Data class modeling the metadata from a HDF5 STAT data file.

bandwidth_mhz: float

The bandwidth of data

beam_id: str

The beam id for the generated data file

channel_freq_mhz: nptyping.NDArray.(typing.Literal['NChan'], nptyping.Float64)

The centre frequencies of each channel (MHz).

eb_id: str

The execution block id the file relates to.

property end_chan: int

Get the last channel that the header is for.

file_format_version: str = '1.1.0'

The format of the HDF5 STAT file. Default is 1.1.0.

frequency_bins: nptyping.NDArray.(typing.Literal['NFreqBin'], nptyping.Float64)

The frequency bins used for the spectrogram attribute (MHz).

frequency_mhz: float

The centre frequency for the data as a whole

has_weights: bool = False

Indicator of whether weights are included in the statistics or not.

histogram_nbin: int

The number of bins in the histogram data.

nchan: int

Number of channels in the data.

nchan_ds: int

The number of frequency bins in the spectrogram data.

ndat_ds: int

The number of temporal bins in the spectrogram and timeseries data.

ndim: int

Number of dimensions in the data (should be 2 for complex data).

npol: int

Number of polarisations.

nrebin: int

Number of bins to use for rebinned histograms

num_invalid_packets: int

The number invalid packets received while calculating the statistics.

num_samples: int

The total number of samples used to calculate the sample statistics.

num_samples_rfi_excised: int

The total number of samples used to calculate the sample statistics, expect those flagged for RFI.

num_samples_spectrum: nptyping.NDArray.(typing.Literal['NChan'], nptyping.UInt32)

The number of samples, per channel, to calculate the sample statistics.

num_weight_samples: int = 0

The number of samples used to calculate the weight statisitics.

polarisations: str = 'Both'

Get a string representation of the polarisations.

Values are either A, B or Both.

property polarisations_list: List[Polarisation]

Get a list of polarisations of the STAT HDF5.

For version 1.0.0 it is assumed both Pol A and Pol B are valid. However, since version 1.1.0 and Flow Through stats the output stats could be for Pol A, Pol B or both.

scan_id: int

The scan id for the generated data file

start_chan: int

The starting channel number.

t_max: float

The time offset, in seconds, from the UTC start time to represent the time at the end the file.

t_min: float

The time offset, in seconds, from the UTC start time to represent the time at the start the file.

telescope: str

The telescope the data were collected for. Should be SKALow or SKAMid

timeseries_bins: nptyping.NDArray.(typing.Literal['NTimeBin'], nptyping.Float64)

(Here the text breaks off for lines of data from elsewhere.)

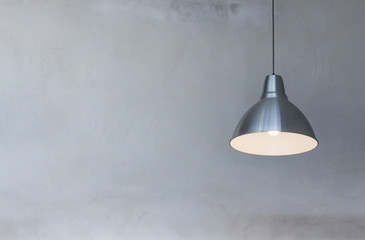 metal hanging lamp on concrete wall background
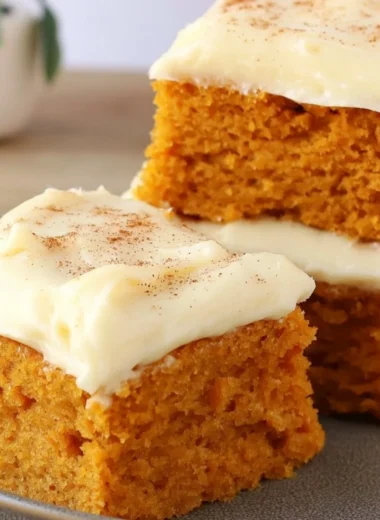 Delicious Paula Deen pumpkin bars topped with cream cheese frosting on a serving plate.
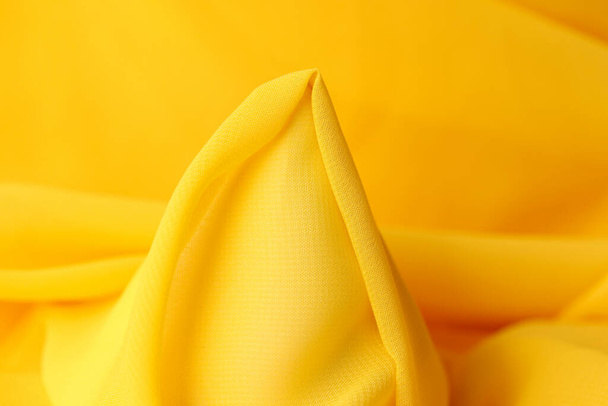 Shaped yellow fabric as bckground. Element of bright yellow textile close up. - Foto, afbeelding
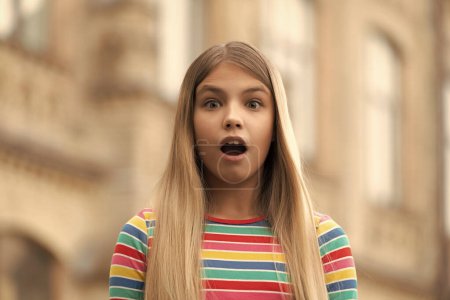 Photo for Portrait of surprised teen girl. portrait of teen girl with blonde hair. portrait of teen girl outdoor. portrait of teen girl outside. - Royalty Free Image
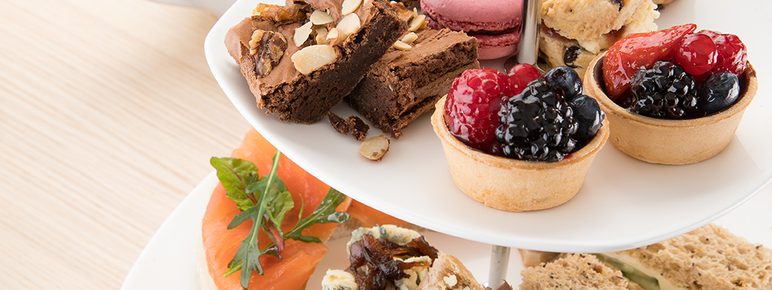 A two-tier cake stand, filled with cakes, pastries and finger sandwiches.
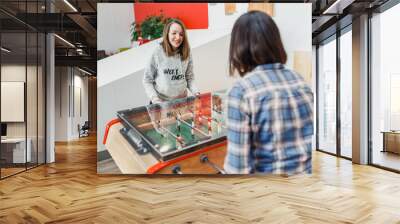 Two happy women friends playing table football at leisure time Wall mural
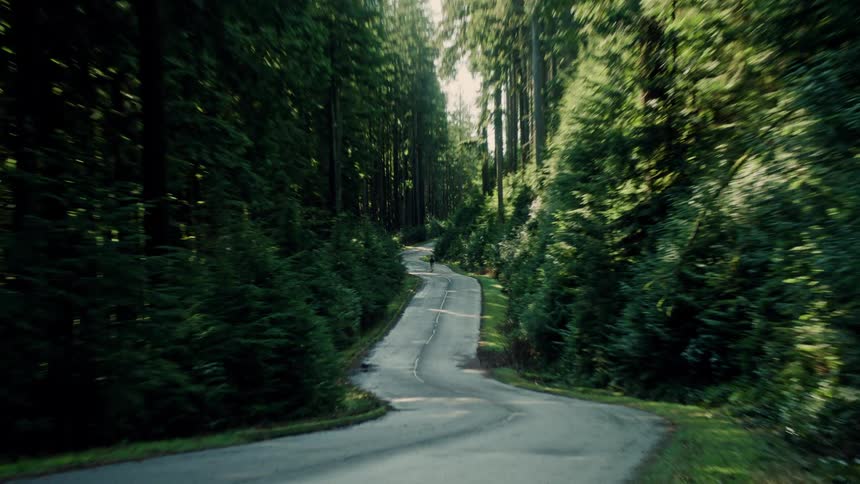 A man runs alone down a winding road through a lush, green forest as the camera dramatically pulls away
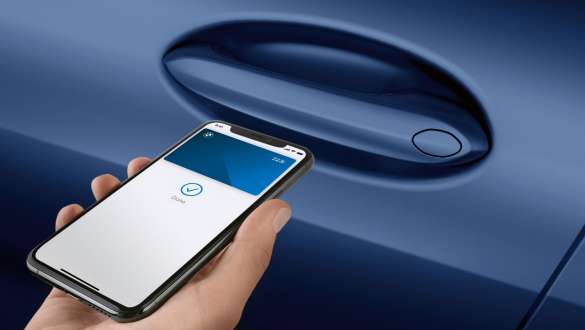 Digital Key BMW 8 Series Convertible G14 LCI Facelift 2022 Hand holding smartphone in front of car door Digital Key BMW 8 Series Convertible G14 LCI Facelift 2022 close-up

The timestamp offsets for each temporal bin.

utc_start: str

The UTC ISO formatted start time in of scan to the nearest second.

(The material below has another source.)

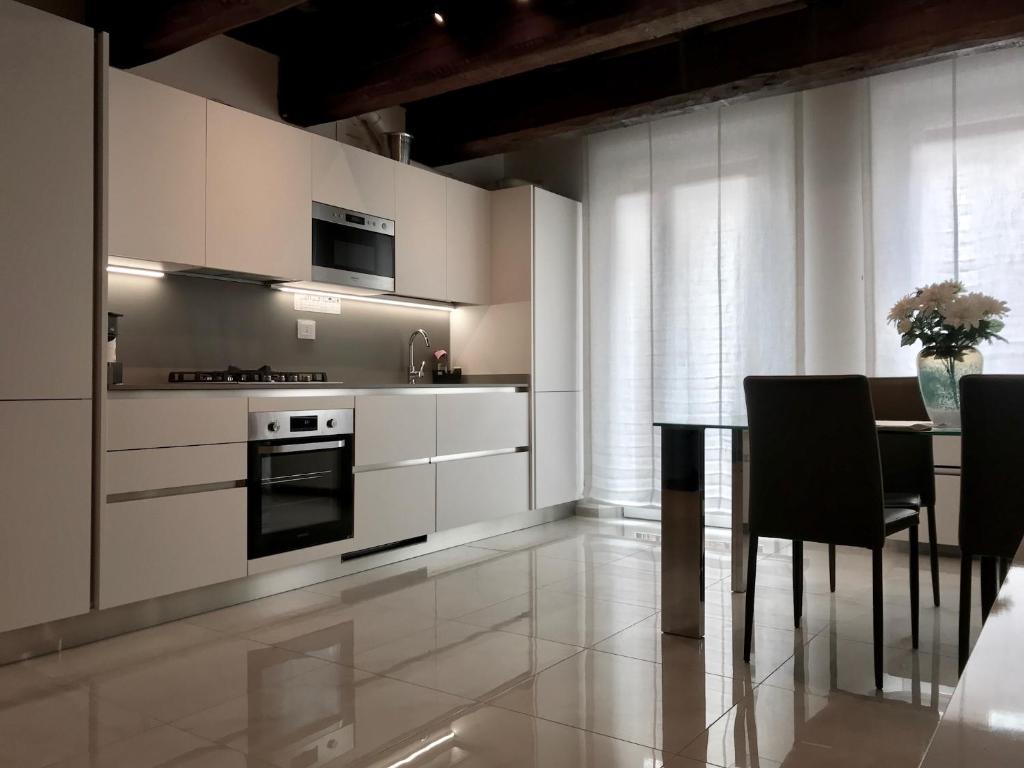 une cuisine avec des placards blancs et une table avec des chaises dans l'établissement Moderno affaccio su via Mazzini, à Ferrare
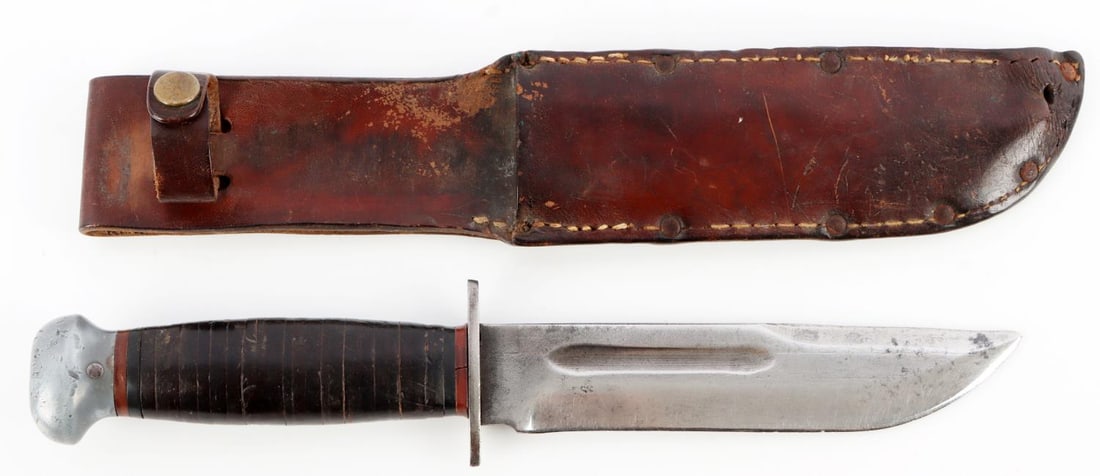 WWII US NAVY COMBAT KNIFE RH PAL 36 BRIGHT BLADE: WWII fixed blade knife with leather scabbard. Bright blade. Ricasso stamped "RH PAL 36, Made in USA." Shows wear from use. No play or looseness in the blade. Overall length 11 inches.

class ska_pst.stat.hdf5.TimeseriesDimension(value)[source]

An enum used to represent which index to use for max/min/mean in timeseries data.

MAX = 0
MEAN = 2
MIN = 1
ska_pst.stat.hdf5.get_stat_file_format(version: str) StatFileFormat[source]
ska_pst.stat.hdf5.map_hdf5_key(hdf5_key: str) str[source]

Map a key from a HDF5 attribute/dataset to a model dataclass property.